Fraudsters are not Model Citizens

In my earlier post, I did an overview of the outlier detection techniques in big data and specifically Hadoop context. As I mentioned, fraud detection is essentially translates to outlier detection in data mining parlance.

In his post, I will go over a distribution model based technique which has been implemented as two map reduce jobs in beymani available in github. I will use the credit card transaction as the  example.

Although distribution based models focus on the temporal aspect of the data, they are the essential initial steps towards a complete fraud detection process.

Our distribution model is non parametric, because we don’t make any assumption about the Gaussian nature of the distribution and we don’t try to compute any of the parameters like mean and standard deviation.

Multivariate histogram

We need to compute histogram for objects with multiple attributes. Then we focus on those buckets with with low frequency count. All objects in these low frequency buckets are potential outliers i.e., objects that don’t fit the distribution model well.

With objects of n attributes, the buckets are essentially n dimensional regions in an n dimensional space. For example, with 2 dimensions, each bucket is a rectangular region.

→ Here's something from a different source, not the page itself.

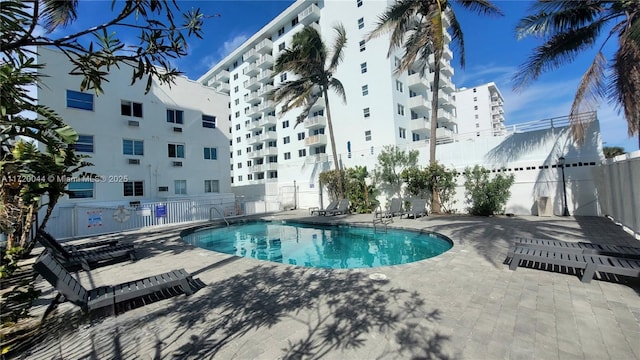 view of swimming pool featuring a patio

When all the attributes are numerical,  it’s easy to visualize the the n dimensional buckets. For numerical attributes, we divide the range of values into segments of equal length. Each segment corresponds to a bucket. How do we handle categorical attributes. For categorical attributes, each value of the attribute defines a bucket range along that dimension.

Total number of buckets = Product of number of buckets along each dimension.

Here is sample credit card transaction data that goes as input.  The attributes are transaction id, time of the day, amount of money and the vendor type. The final goal is to get a list of the transaction id’s sorted by ascending order of frequency.

YX66AJ9U[]588[]20.47[]drug store
XXXX7362[]1300[]1875.40[]jewellery store

The last record is an outlier that I seeded in data. I wanted to see if this records surfaces through my outlier analysis.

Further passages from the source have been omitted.